Reproduce the data in full, exactly as given, leaving images out.

---*---

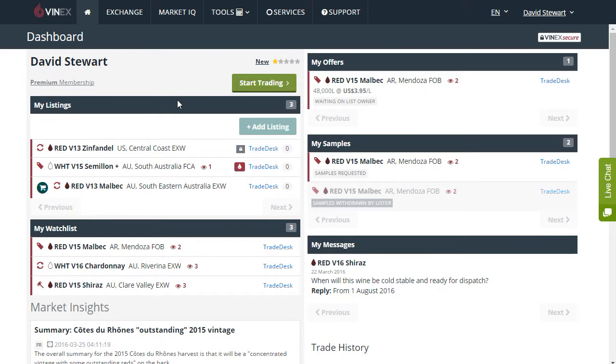The dashboard is made up of several sections: my listings, my watch list, my messages, my samples, and my offers. These are the main five sections.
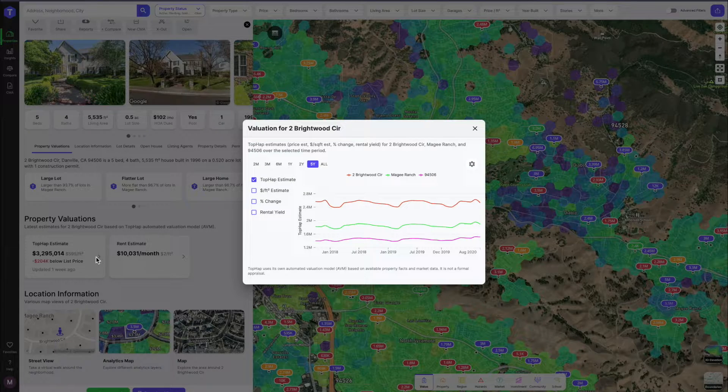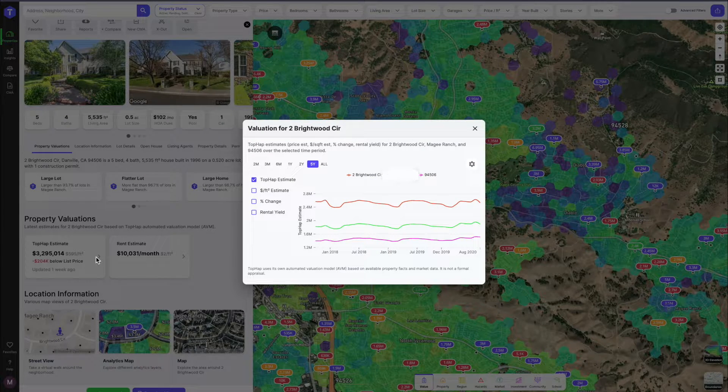The beautiful thing about the TopHap estimate is it gives you the estimate for the home, the neighborhood, and the zip code. You can also change the time frame that you're dealing with.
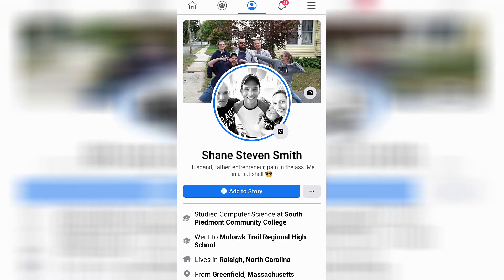That's going to open up a page that looks similar to this, where underneath your profile picture you will see a blue button that says add the story. To the right of that you're going to see three horizontal dots — go ahead and click on those dots.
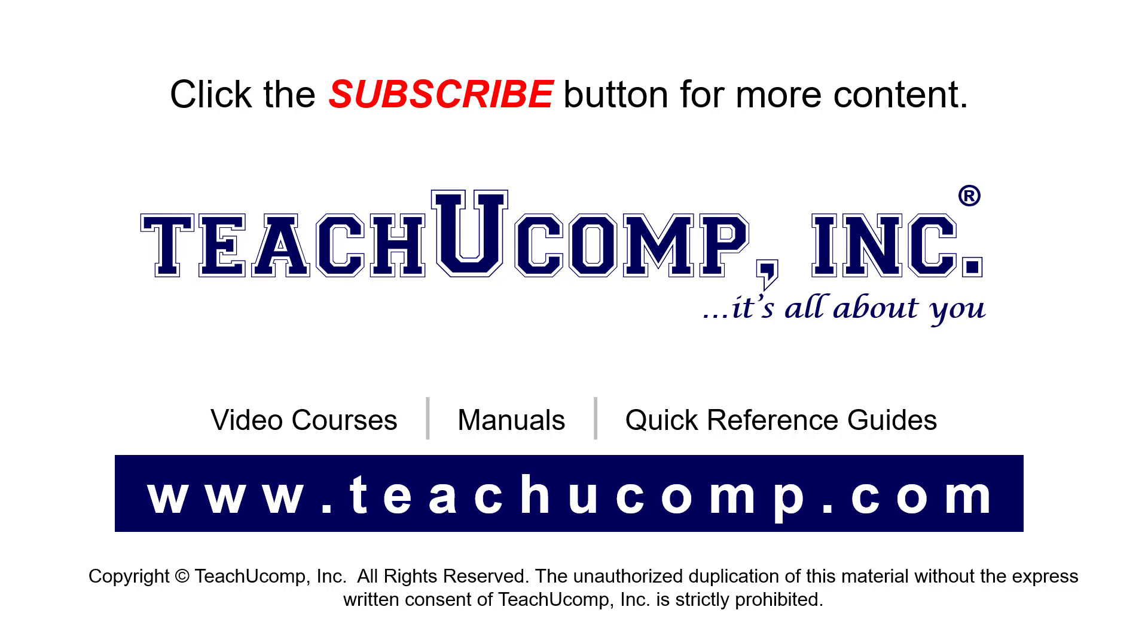If you like our video, click the button to subscribe to our channel and get easy access to new content. To see our full suite of ad-free video courses, instruction manuals, and quick reference guides, visit us at www.teachyoucomp.com.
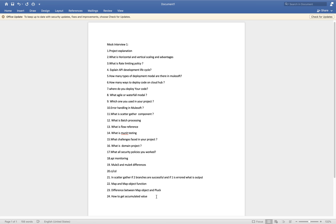A participant asked for details on JWT and security policies. The instructor said we can discuss this in the next session, where they will explain in detail how these two policies work and how to configure them.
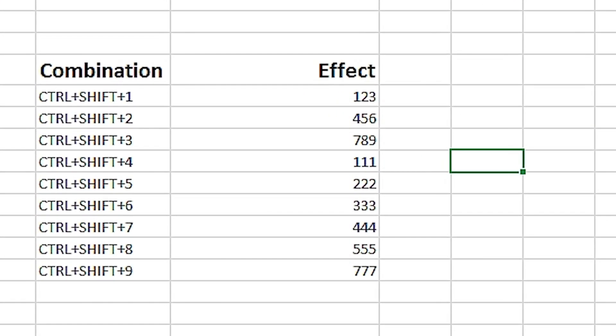Many Excel shortcuts that perform specific tasks are grouped together in a way that's incredibly easy to remember. One such group is Ctrl+Shift+1 through 9.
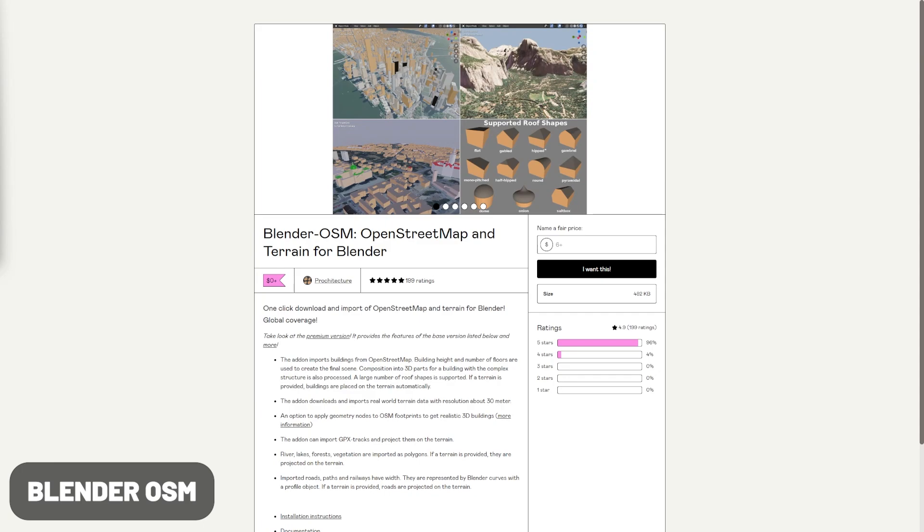I've mentioned this on the channel before, but Blender OSM Open Street Map and Terrain for Blender makes it so you can import street map data and automatically generate terrain and city maps based off of that data.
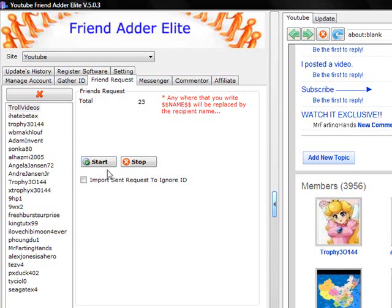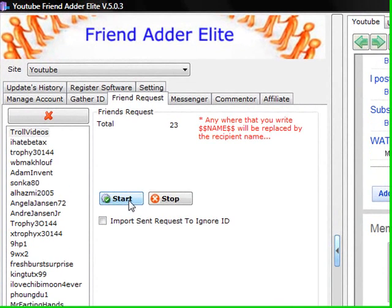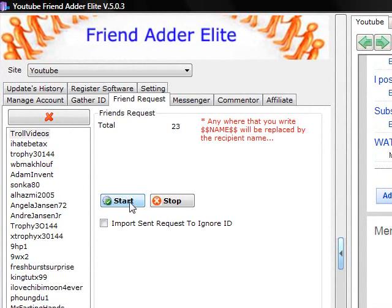Click Start to send your friend requests. That's it! Please watch the other video tutorials on how to use the YouTube FriendAdder Elite software. Thank you!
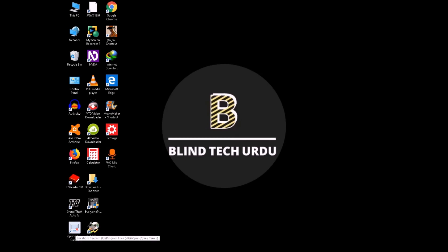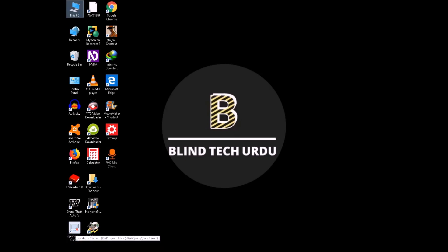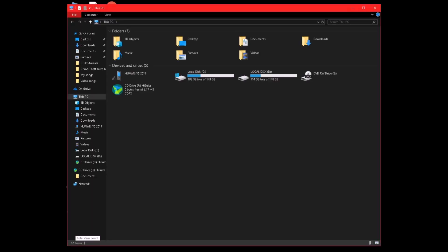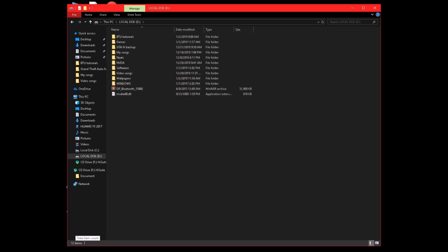I want to tell you why I am doing this video. The first time I was making this video, I encountered a great problem. I am putting the download link in the description. This file will be 110 MB.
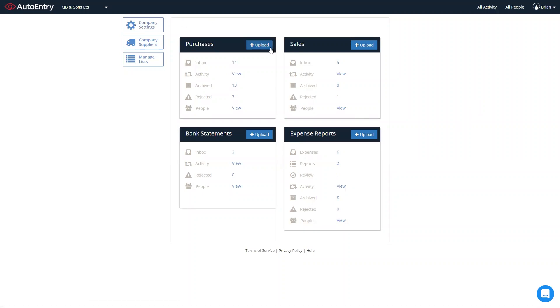In order to upload, simply click on the blue upload button and select the files of scanned paper documents that you have saved to your PC. Or you can upload via email and of course through the AutoEntry phone app to upload expenses and invoices direct from your phone.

---*---

- _Task output_
The dashboard is made up of several sections: my listings, my watch list, my messages, my samples, and my offers. These are the main five sections.
The beautiful thing about the TopHap estimate is it gives you the estimate for the home, the neighborhood, and the zip code. You can also change the time frame that you're dealing with.
That's going to open up a page that looks similar to this, where underneath your profile picture you will see a blue button that says add the story. To the right of that you're going to see three horizontal dots — go ahead and click on those dots.
If you like our video, click the button to subscribe to our channel and get easy access to new content. To see our full suite of ad-free video courses, instruction manuals, and quick reference guides, visit us at www.teachyoucomp.com.
A participant asked for details on JWT and security policies. The instructor said we can discuss this in the next session, where they will explain in detail how these two policies work and how to configure them.
Many Excel shortcuts that perform specific tasks are grouped together in a way that's incredibly easy to remember. One such group is Ctrl+Shift+1 through 9.
I've mentioned this on the channel before, but Blender OSM Open Street Map and Terrain for Blender makes it so you can import street map data and automatically generate terrain and city maps based off of that data.
Click Start to send your friend requests. That's it! Please watch the other video tutorials on how to use the YouTube FriendAdder Elite software. Thank you!
I want to tell you why I am doing this video. The first time I was making this video, I encountered a great problem. I am putting the download link in the description. This file will be 110 MB.
In order to upload, simply click on the blue upload button and select the files of scanned paper documents that you have saved to your PC. Or you can upload via email and of course through the AutoEntry phone app to upload expenses and invoices direct from your phone.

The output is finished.